> [What is required]
A word-for-word copy of the entries, with the images left out, is what you should write.

> [Records to process]
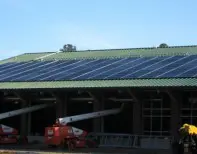A large building with solar panels on the roof.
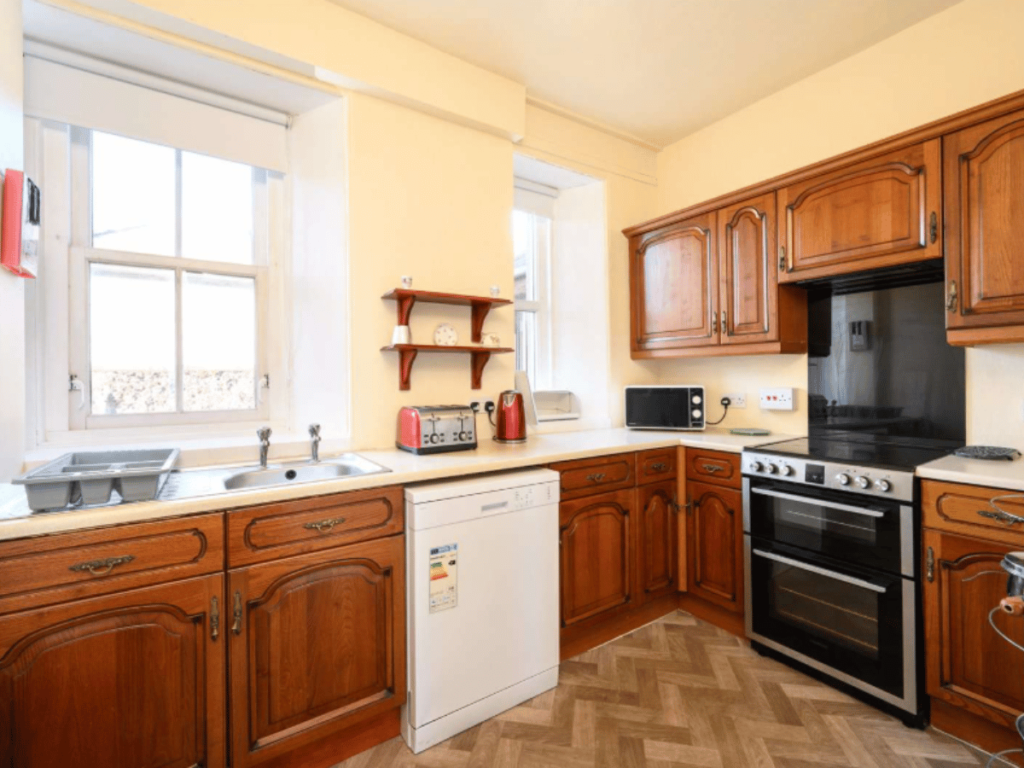Fitted kitchen at The Beacon in St Abbs with wooden cabinets, electric cooker, dishwasher and large windows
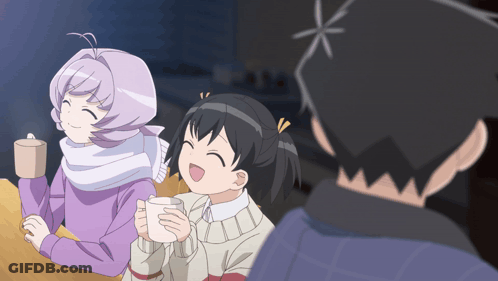 Man And Two Girls Sitting At Table Holding Cups GIF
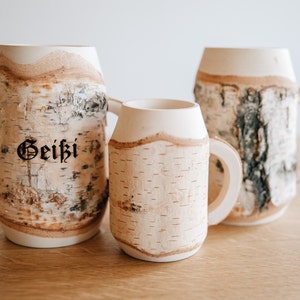 May include: Three birch bark mugs, two large and one small, with a natural wood grain pattern. The largest mug has the word "Geiki" inscribed on it.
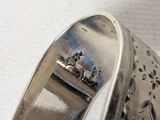 a close up of a silver bracelet on a table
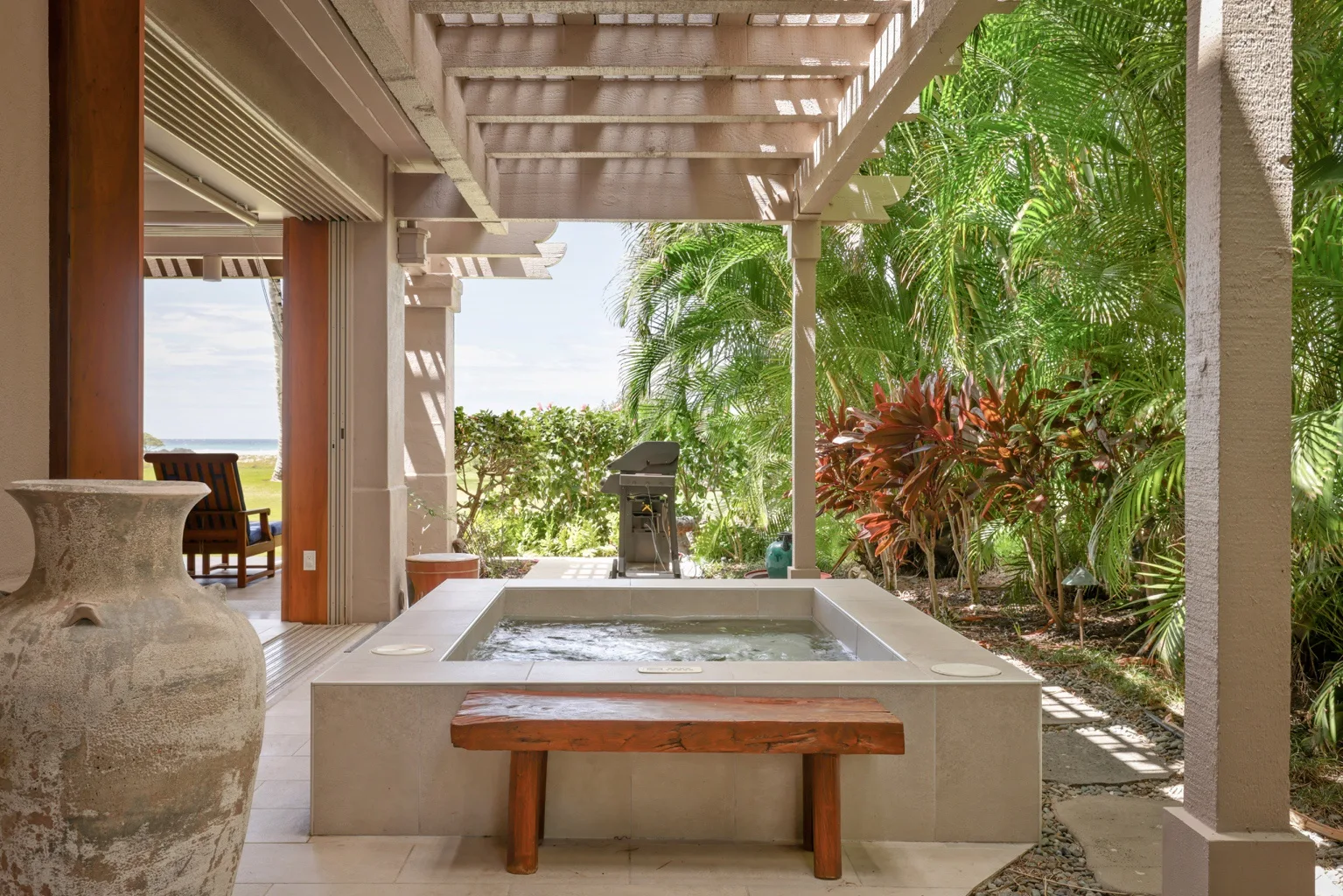 A covered outdoor patio features a raised soaking tub and lush tropical plants.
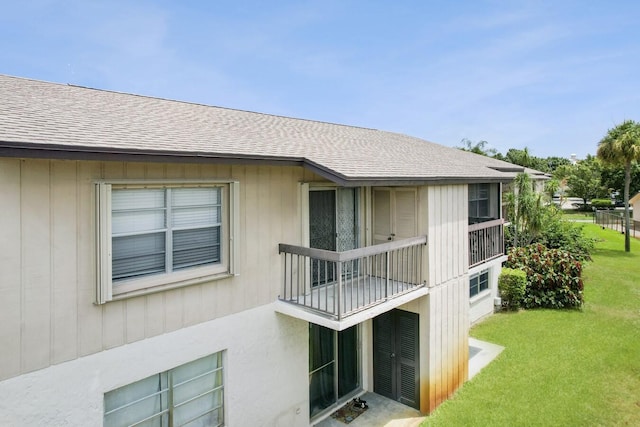 2755 W Atlantic Ave Unit C 212, Delray Beach, FL 33445 - rear view of property featuring a shingled roof, a lawn, and a balcony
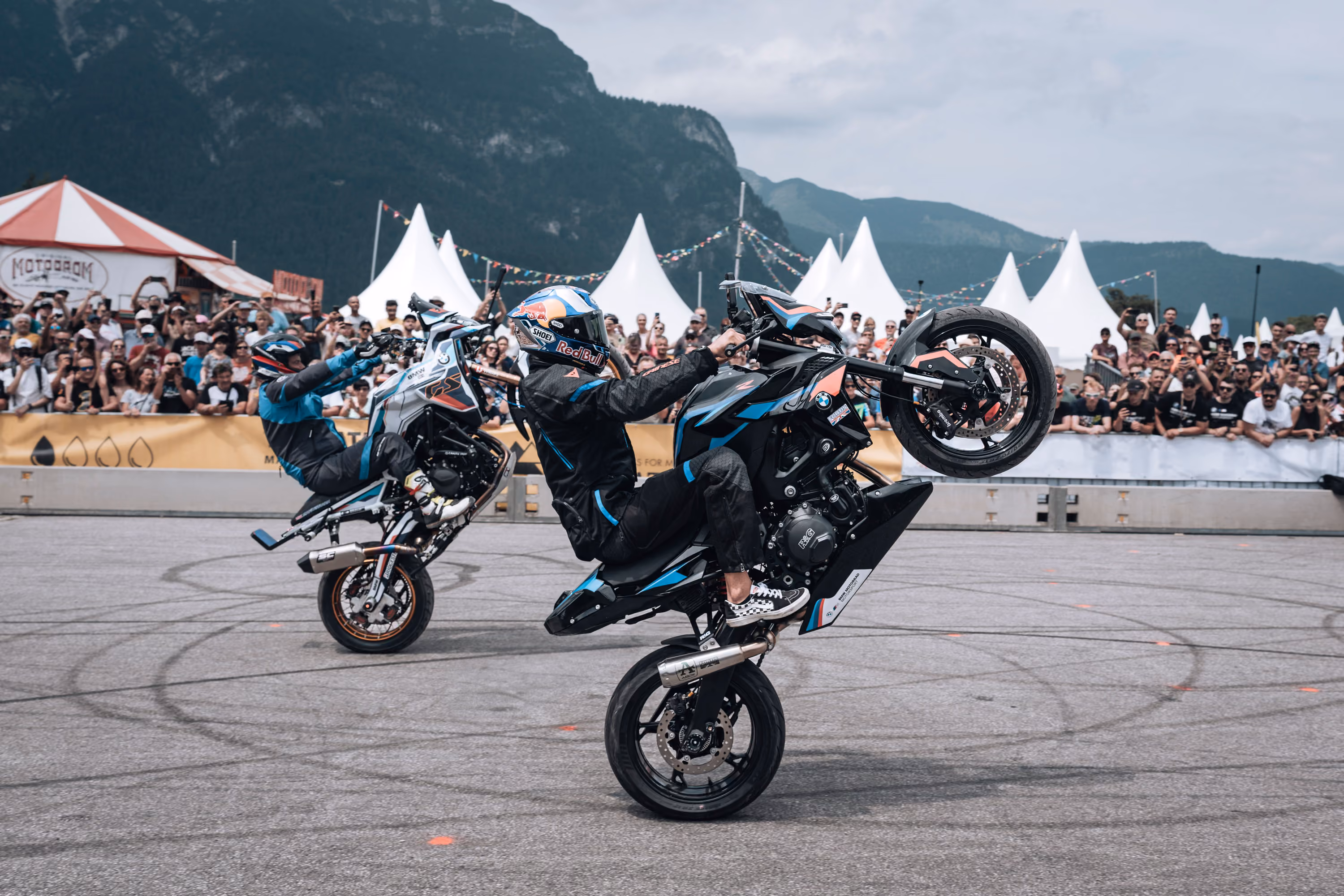 Stunt riders perform wheelies before a crowd at BMW Motorrad Days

> [Output for this exercise]
A large building with solar panels on the roof.
Fitted kitchen at The Beacon in St Abbs with wooden cabinets, electric cooker, dishwasher and large windows
 Man And Two Girls Sitting At Table Holding Cups GIF
 May include: Three birch bark mugs, two large and one small, with a natural wood grain pattern. The largest mug has the word "Geiki" inscribed on it.
 a close up of a silver bracelet on a table
 A covered outdoor patio features a raised soaking tub and lush tropical plants.
 2755 W Atlantic Ave Unit C 212, Delray Beach, FL 33445 - rear view of property featuring a shingled roof, a lawn, and a balcony
 Stunt riders perform wheelies before a crowd at BMW Motorrad Days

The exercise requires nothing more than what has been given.